§ WHAT THE TASK REQUIRES: Retype nothing except the lines below from the one with "Human Dog Bed, Lazy" through the one with "Desert Modern House", exactly, with images left out.

§ ENTRIES PROVIDED:
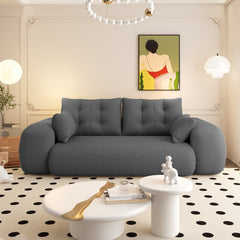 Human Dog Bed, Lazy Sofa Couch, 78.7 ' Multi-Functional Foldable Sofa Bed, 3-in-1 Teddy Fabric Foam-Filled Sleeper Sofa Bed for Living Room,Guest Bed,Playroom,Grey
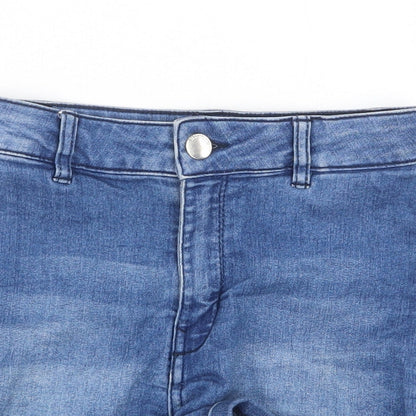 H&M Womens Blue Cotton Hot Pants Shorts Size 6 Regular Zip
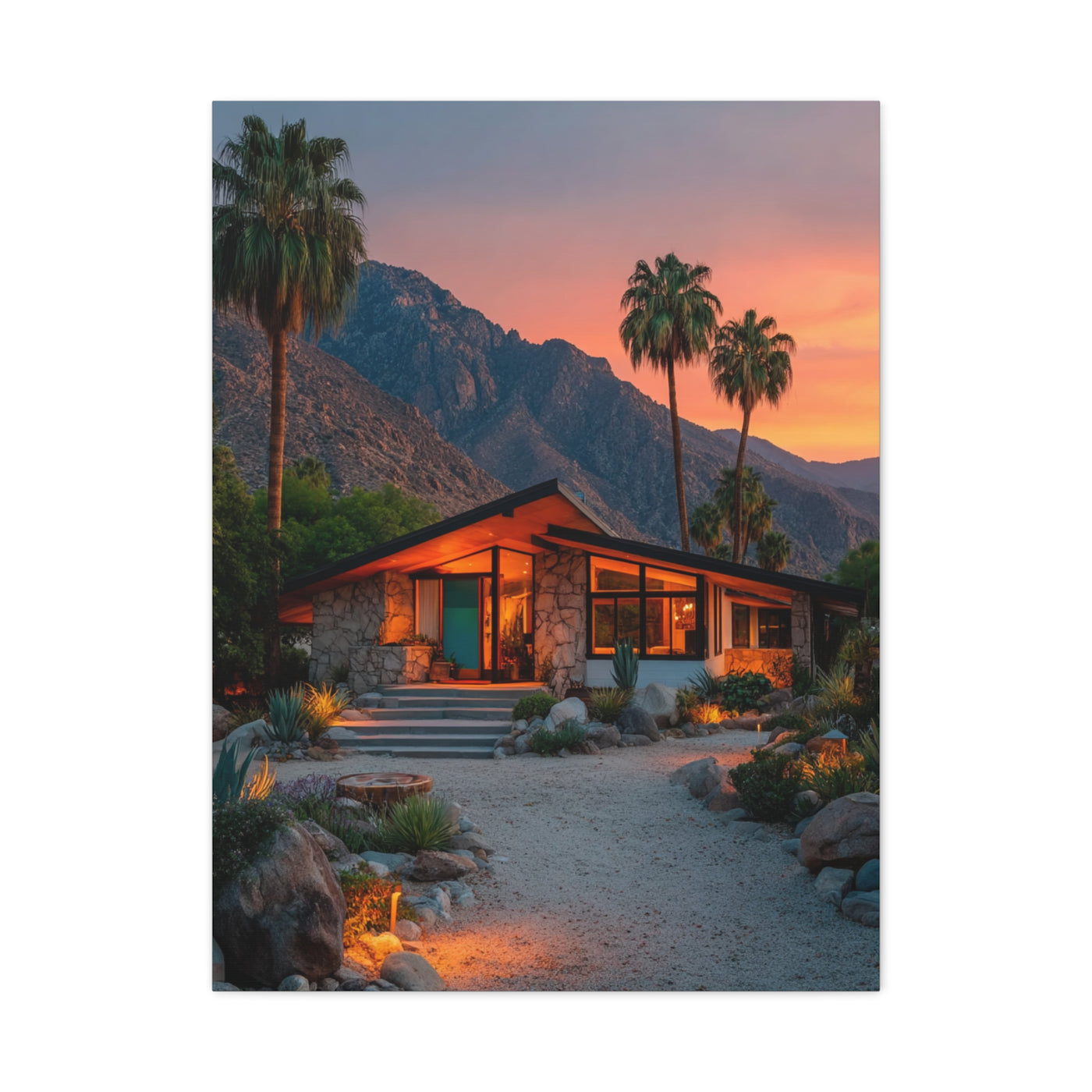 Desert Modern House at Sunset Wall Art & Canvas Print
--
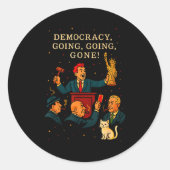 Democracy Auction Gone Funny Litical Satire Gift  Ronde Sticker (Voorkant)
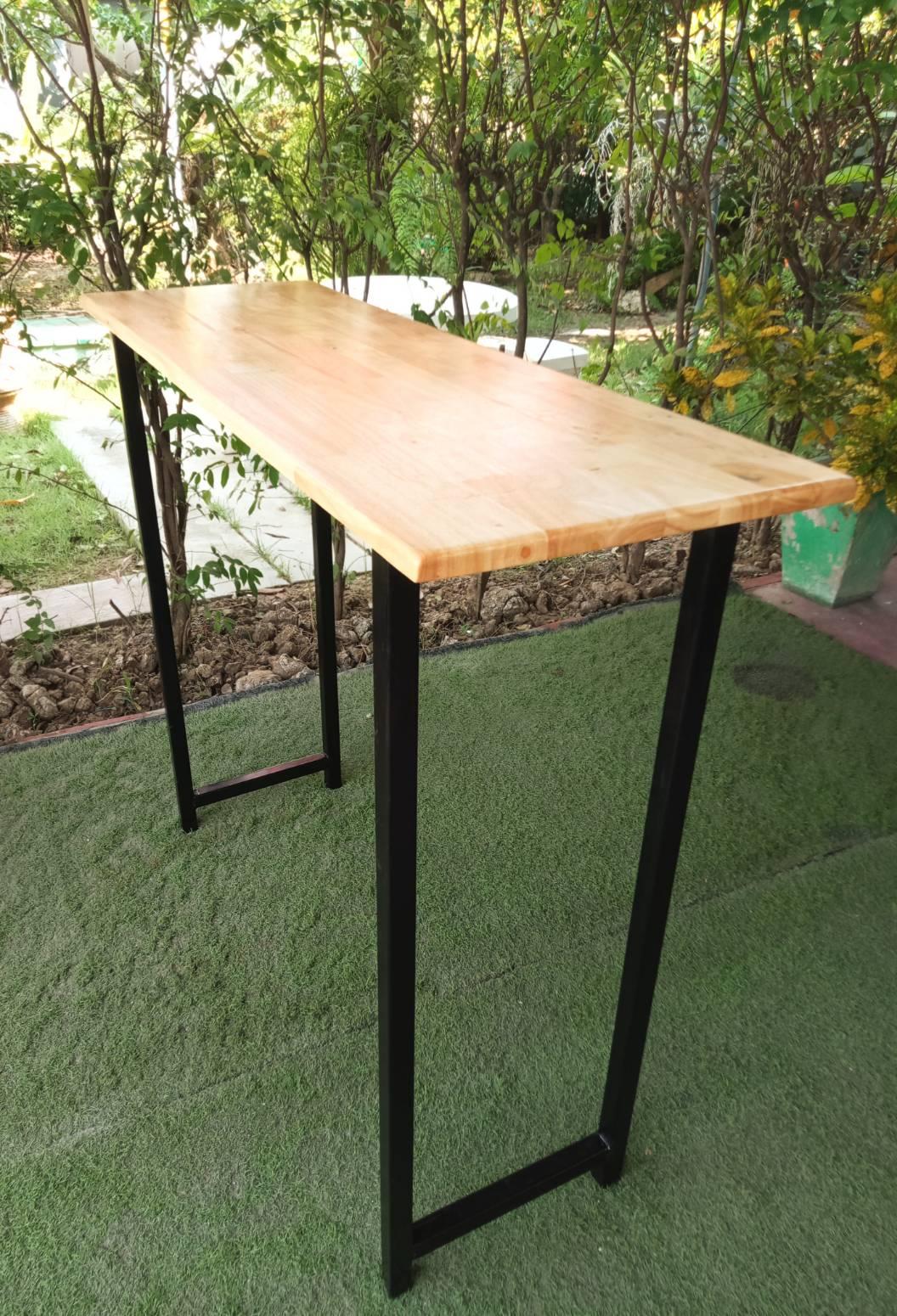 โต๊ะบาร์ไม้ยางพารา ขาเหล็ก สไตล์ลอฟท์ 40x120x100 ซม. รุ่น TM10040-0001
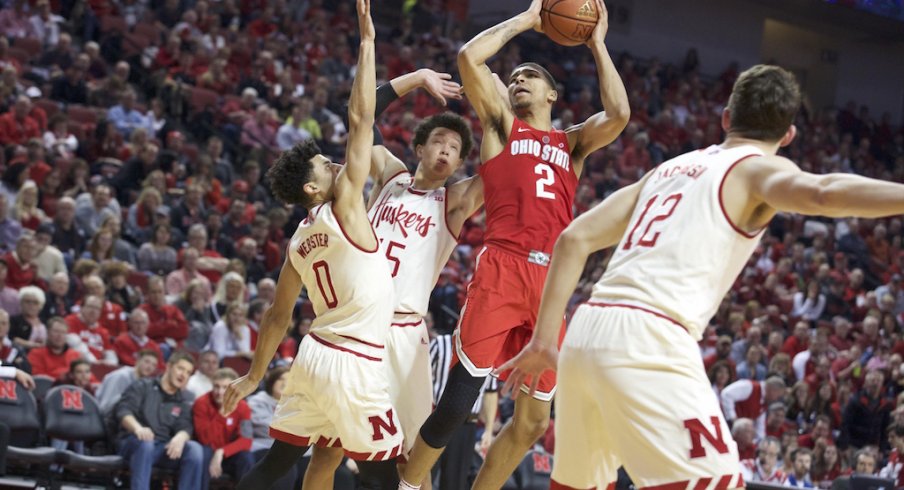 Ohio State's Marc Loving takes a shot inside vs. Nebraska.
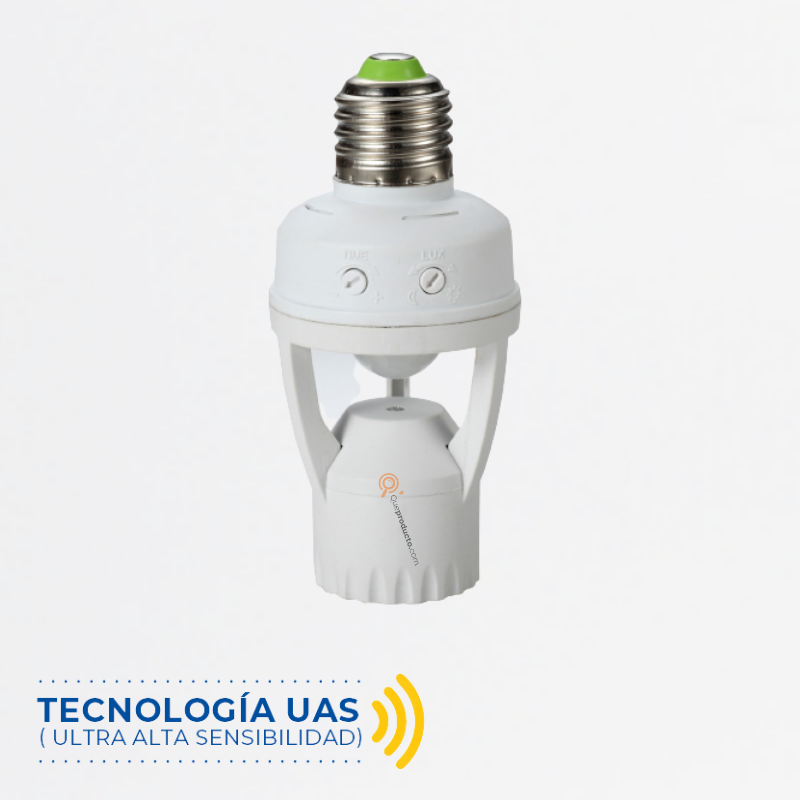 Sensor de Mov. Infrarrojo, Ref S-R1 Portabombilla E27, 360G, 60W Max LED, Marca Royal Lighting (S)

§ YOUR RESPONSE:
 Human Dog Bed, Lazy Sofa Couch, 78.7 ' Multi-Functional Foldable Sofa Bed, 3-in-1 Teddy Fabric Foam-Filled Sleeper Sofa Bed for Living Room,Guest Bed,Playroom,Grey
 H&M Womens Blue Cotton Hot Pants Shorts Size 6 Regular Zip
 Desert Modern House at Sunset Wall Art & Canvas Print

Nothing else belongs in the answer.